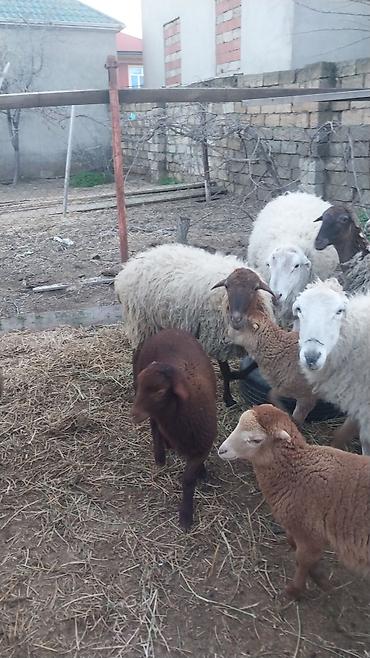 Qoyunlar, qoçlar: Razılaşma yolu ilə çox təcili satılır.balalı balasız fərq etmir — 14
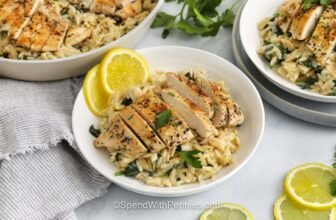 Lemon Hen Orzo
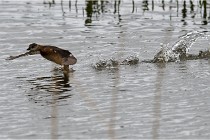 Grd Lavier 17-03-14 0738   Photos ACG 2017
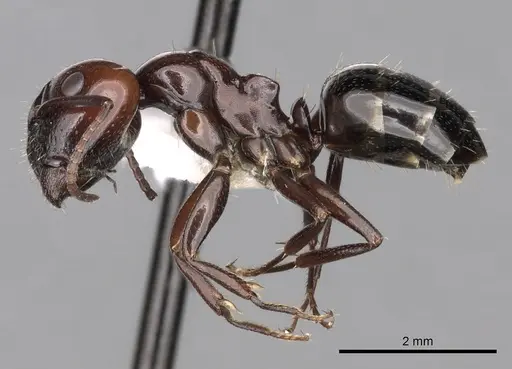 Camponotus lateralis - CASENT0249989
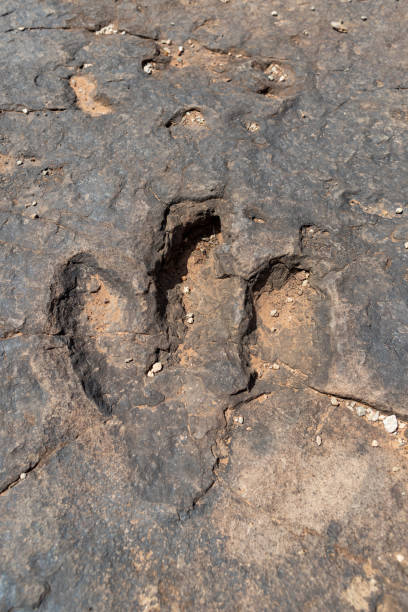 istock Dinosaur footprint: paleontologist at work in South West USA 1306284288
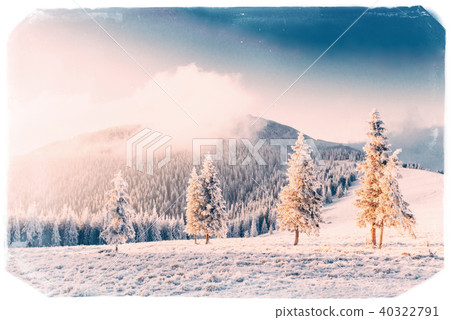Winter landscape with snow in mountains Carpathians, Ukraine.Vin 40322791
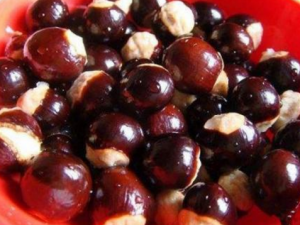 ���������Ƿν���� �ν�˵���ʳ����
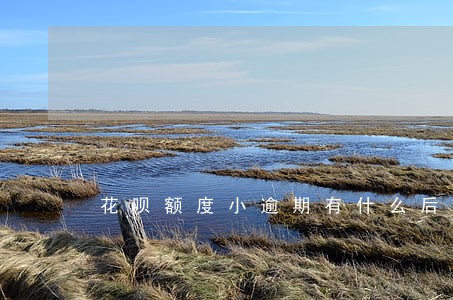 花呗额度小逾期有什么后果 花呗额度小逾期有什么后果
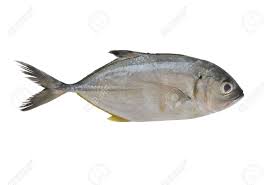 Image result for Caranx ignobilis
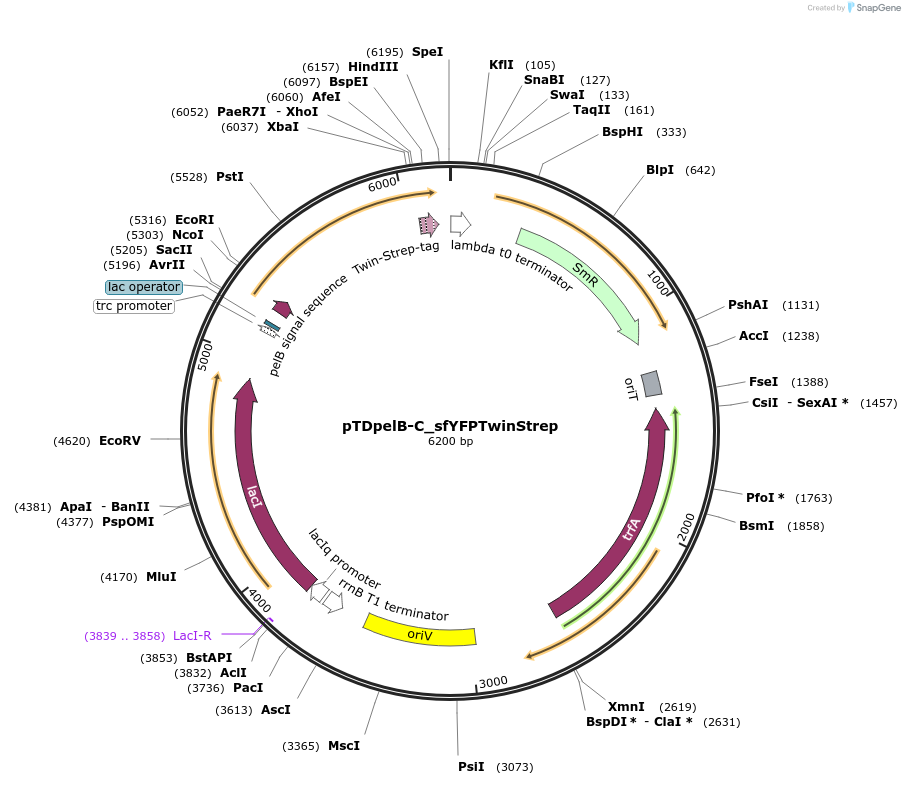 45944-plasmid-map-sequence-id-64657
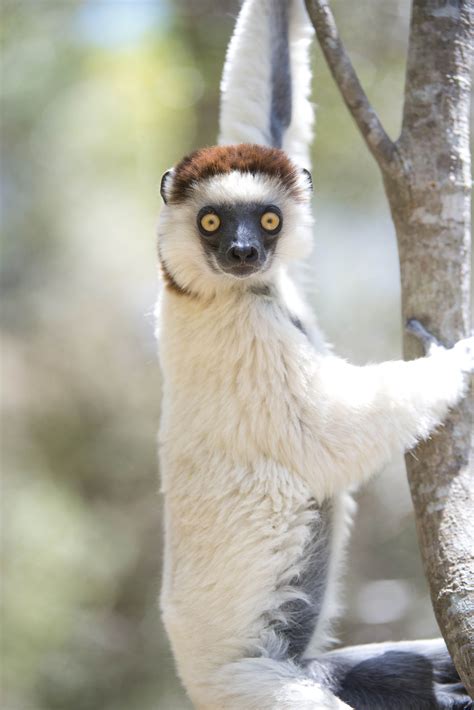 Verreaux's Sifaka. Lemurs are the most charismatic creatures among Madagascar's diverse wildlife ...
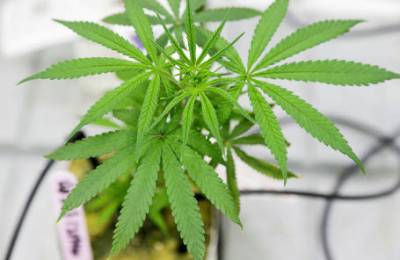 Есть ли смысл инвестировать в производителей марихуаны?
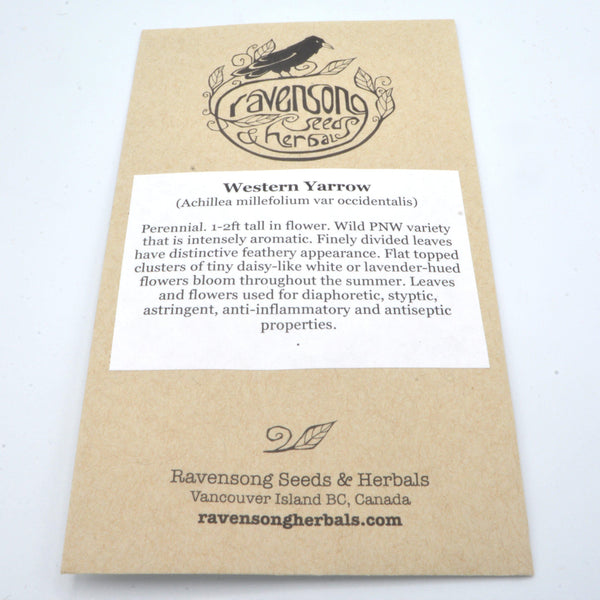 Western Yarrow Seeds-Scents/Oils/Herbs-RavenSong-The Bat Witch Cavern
--
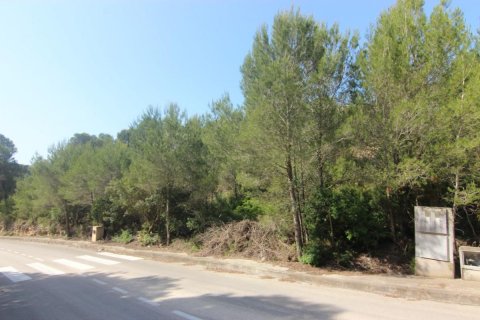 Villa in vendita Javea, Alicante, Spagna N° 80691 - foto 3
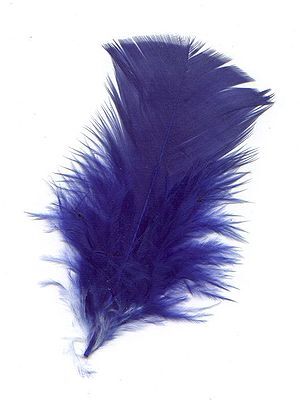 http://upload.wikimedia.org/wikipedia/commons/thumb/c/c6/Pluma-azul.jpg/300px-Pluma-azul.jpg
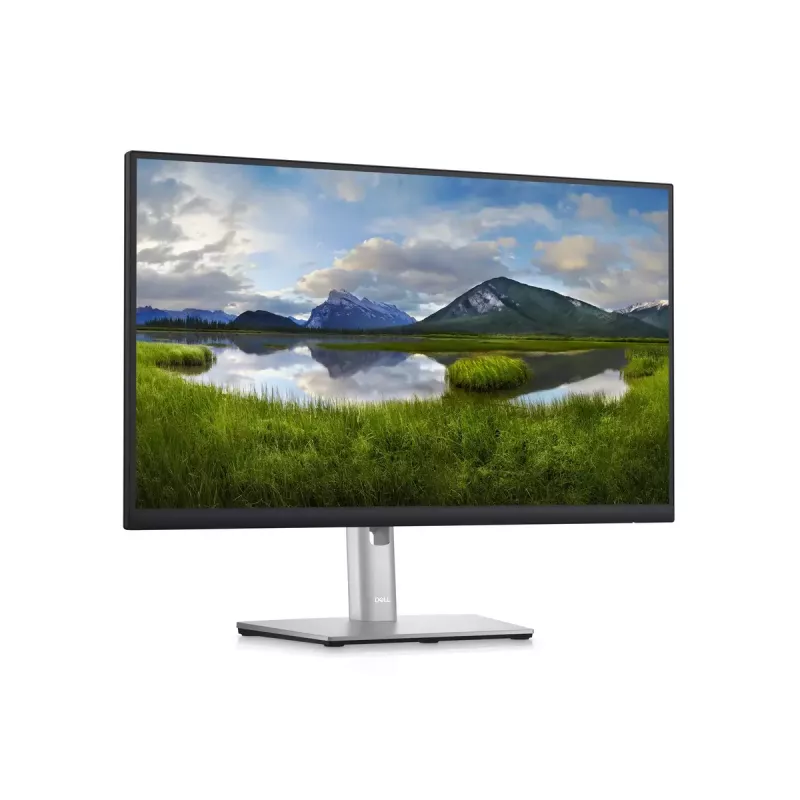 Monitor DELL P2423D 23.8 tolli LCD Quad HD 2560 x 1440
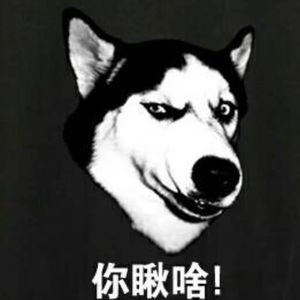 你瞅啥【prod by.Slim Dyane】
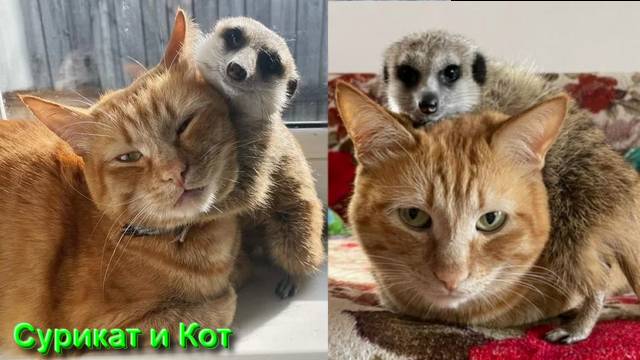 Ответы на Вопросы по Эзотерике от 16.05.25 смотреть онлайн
==
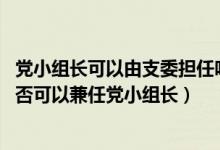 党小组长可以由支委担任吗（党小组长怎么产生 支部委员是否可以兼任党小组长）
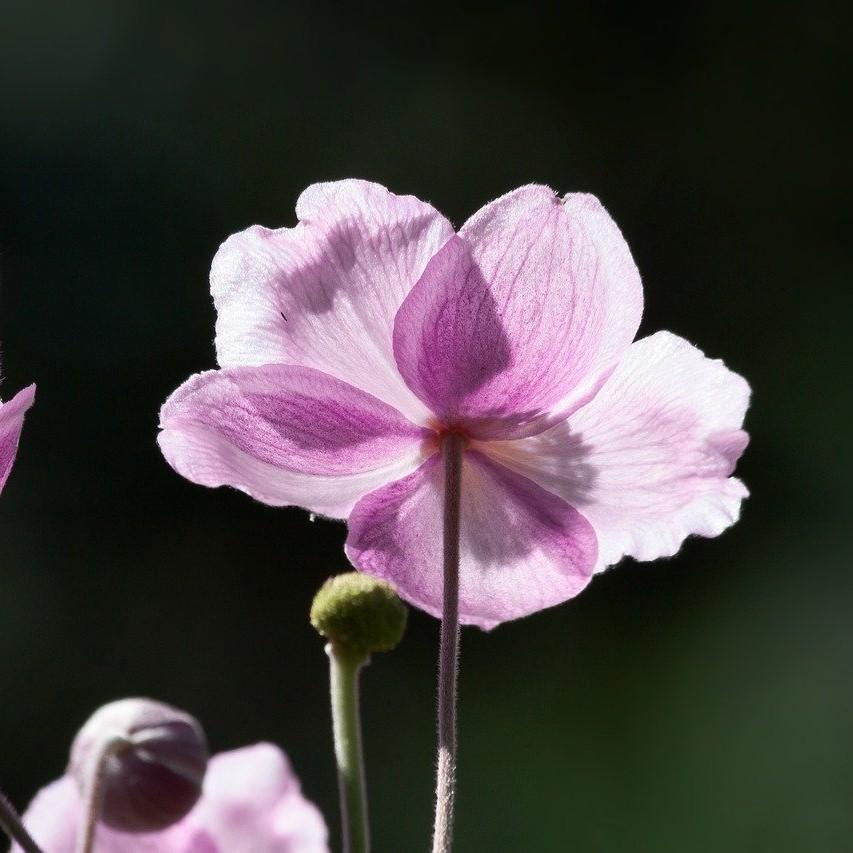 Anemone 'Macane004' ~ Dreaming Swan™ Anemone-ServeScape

■ **Your task**: Pictures excluded, transcribe the listing above exactly from the line with "Qoyunlar, qoçlar: Razılaşma" through the line with "Image result for Caranx ignobilis", and no further.

■ **Written solution**:
 Qoyunlar, qoçlar: Razılaşma yolu ilə çox təcili satılır.balalı balasız fərq etmir — 14
 Lemon Hen Orzo
 Grd Lavier 17-03-14 0738   Photos ACG 2017
 Camponotus lateralis - CASENT0249989
 istock Dinosaur footprint: paleontologist at work in South West USA 1306284288
Winter landscape with snow in mountains Carpathians, Ukraine.Vin 40322791
 ���������Ƿν���� �ν�˵���ʳ����
 花呗额度小逾期有什么后果 花呗额度小逾期有什么后果
 Image result for Caranx ignobilis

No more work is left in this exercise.